Since were not dead, this question can be written off as sophomoric or corny, our best days may in fact still be ahead. But I wonder if without some prior sense of what is truly beautiful, meaningful, and warm fuzziness incarnate whether we can know true bliss when we finally see it. This is assuming it’s something you can even know when you see it, and not something that only occurs with memory. I was once told in a Sunday Sermon, happiness is predicated on happenings and events, but joy was something internal that had little relation to the outside world. Personally I think real happiness is created when memories generate joy that later events cannot soil or touch.
In one scene Shiori speaks to a young girl who chose Disneyland and a ride on Splash Mountain as her moment, and tells her she is the 40th person to pick that same episode. Later the young girl reconsiders and chooses a moment with her mother doing laundry; a less exciting event, and not one that would come to mind quickly, but one closer to heart. Ultimately Afterlife is a beatific trip down memory lane that asks us questions that most people spend their lives asking themselves; am I happy, am I satisfied, and what are perfection, peace, and bliss? It handles these questions with minimal pretenses, conversationally and without judgment and reminds me of why I watch movies, and why I like sharing the things I love with others. At the end I just wanted to give this film a big hug. I can’t think of any flaws in this or anything I wanted to see but didn’t. Nor anything I felt was out of place, distracting, or insincere. The only objections I could reasonably see are often spoken by the characters themselves, particularly the young man, who thinks the entire system is flawed; what do they do if a baby dies for instance? My own moment (and no I will not tell you nor anyone else) was actually quite “corny”, in fact it was the first time in my life I realized why a certain kind of sentimentality existed. This movie is sentimental for sure, but it’s definitely sincere. If we get lucky in this universe and there is an Afterlife, we would all be very fortunate to find ourselves in movie theaters like these with kind hearted counselors to help us grieve for and accept our lives, and if there isn’t well at least there’s still movies like Afterlife; things worth seeing, things worth talking about, and things worth sharing with each other.
2 comments:
That Aleksandr Medvedkin story is incredible.

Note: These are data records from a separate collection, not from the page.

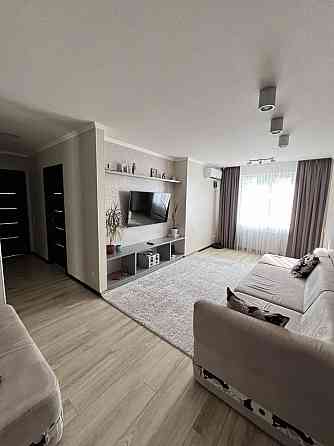 Сдaется нa длитeльный срок трехкомнатная уютная квартира в Ленинском районе, пр. Ленинский. Донецк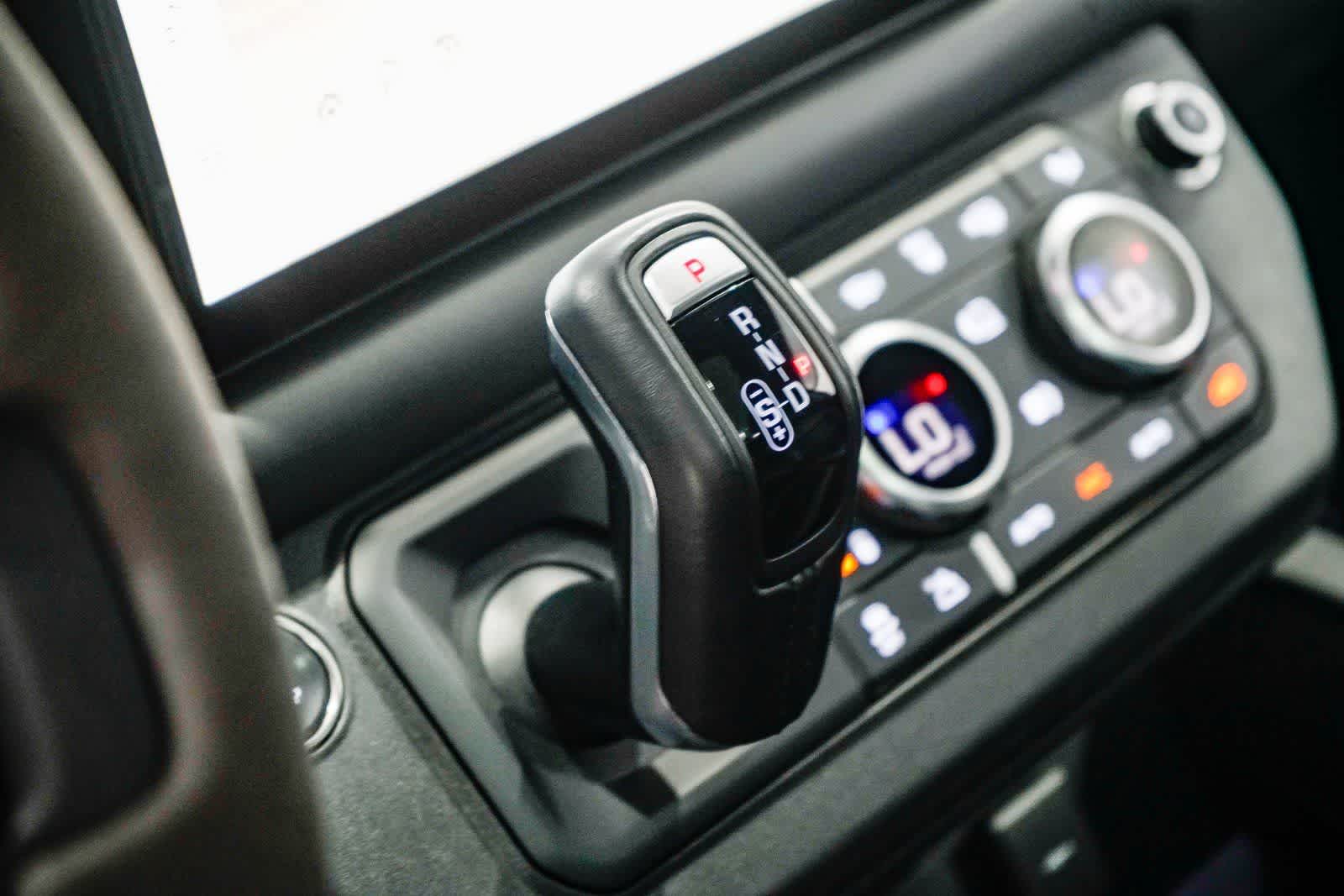 Thumbnail: 2023 Land Rover Defender - 21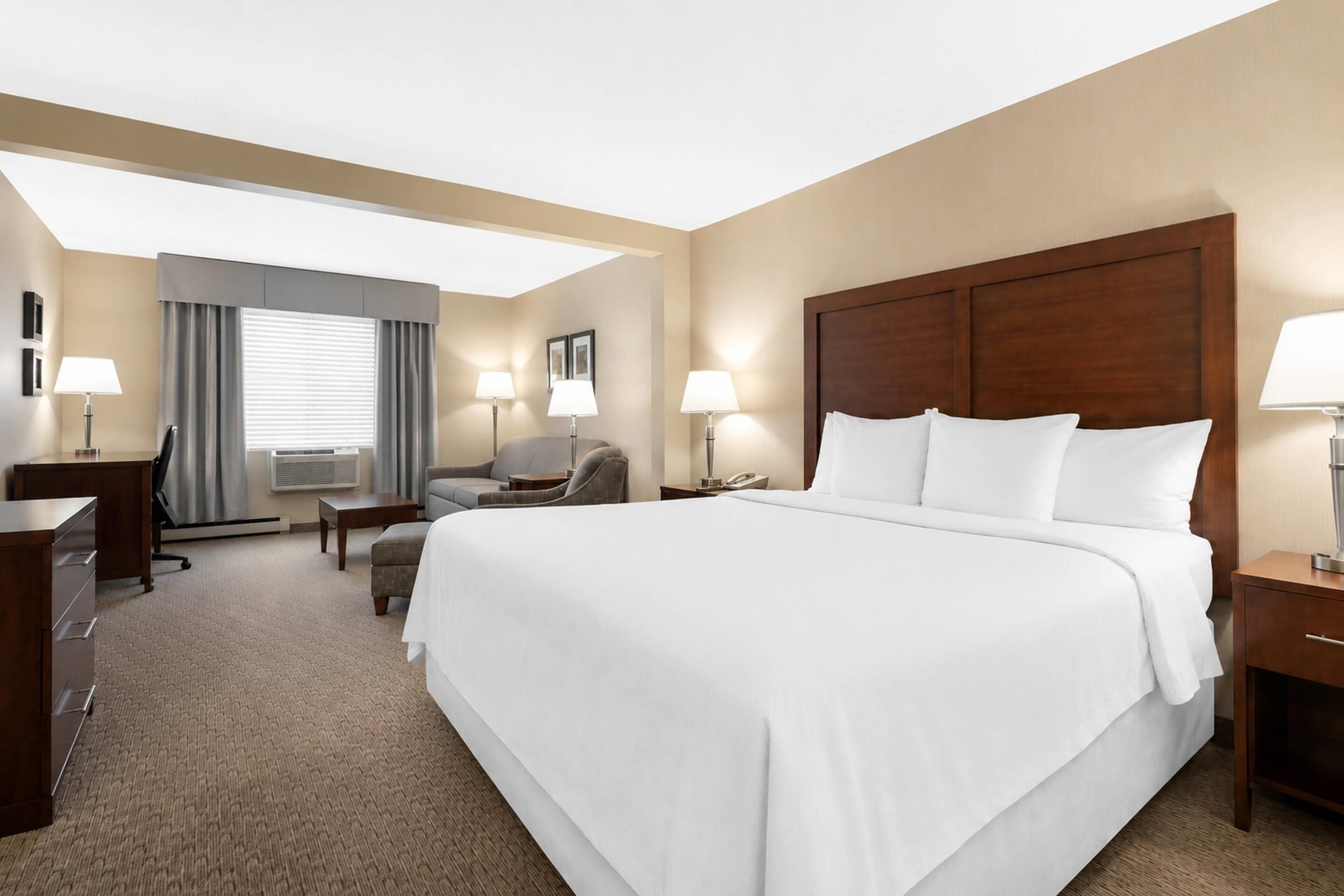 In-room safe, desk, laptop workspace, iron/ironing board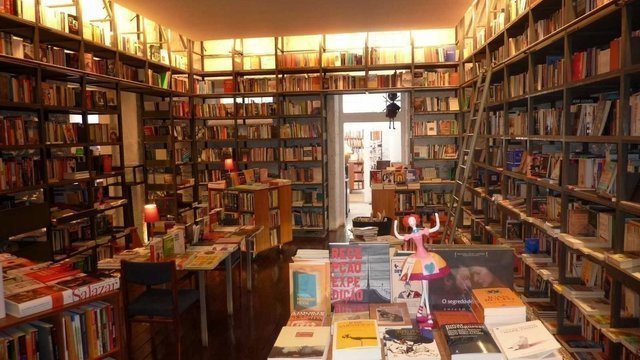 100° Página Book store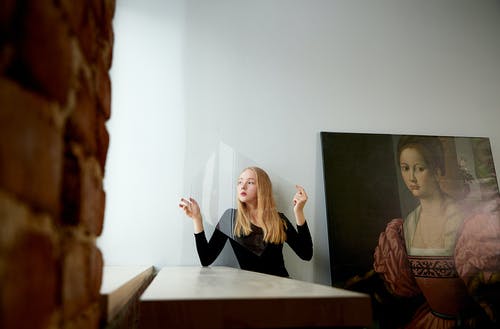 女人拿着玻璃的照片 · 免费素材图片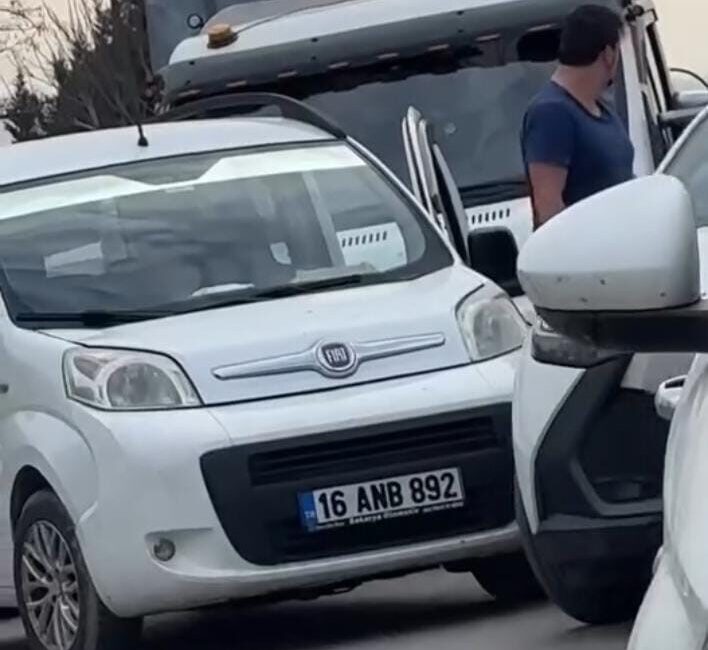 Bursa’da trafikte yaşanan gerginlik kavgaya dönüştü. Kamyonetin önünü kesip saldırmaya
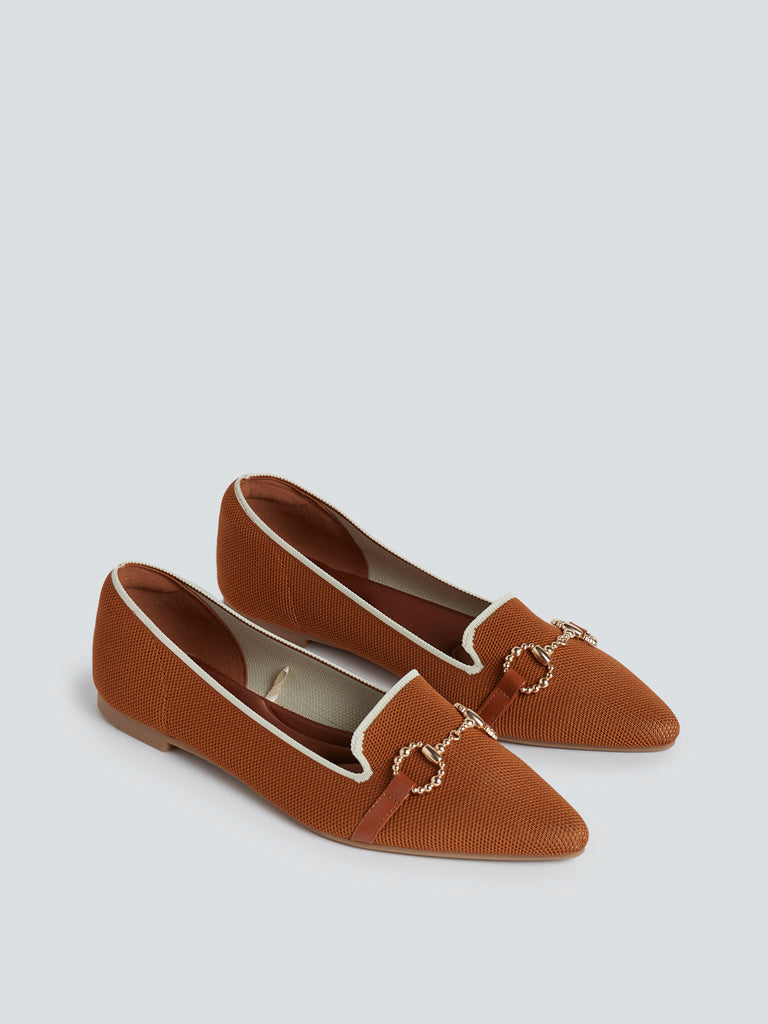 LUNA BLU Tan Chain-Detail Pointed-Toe Flats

Anyway, this is some beautiful review Joe. Your loving review of it is as moving the film! I hear every word and the depth of your review reminds me how much is happening in this movie. I hope to revisit it someday *soon*... But it may only be 'someday'.
Thanks for not revealing your moment. That was actually much more interesting.
I understand some of the complaints against the film... (It's true also, as you say, that many of the characters file the same complaints.)
This movie still isn't how I would interpret purgatory. However, it's undoubtedly the most original vision of it I've seen yet. Perhaps the brightest one also?
Thanks Karl, I think this is one of the best peices I've written. And no I wouldnt reveal that moment for all the movies in the world. I also wouldnt have watched it as soon as I did had you not included it in your own inagural post.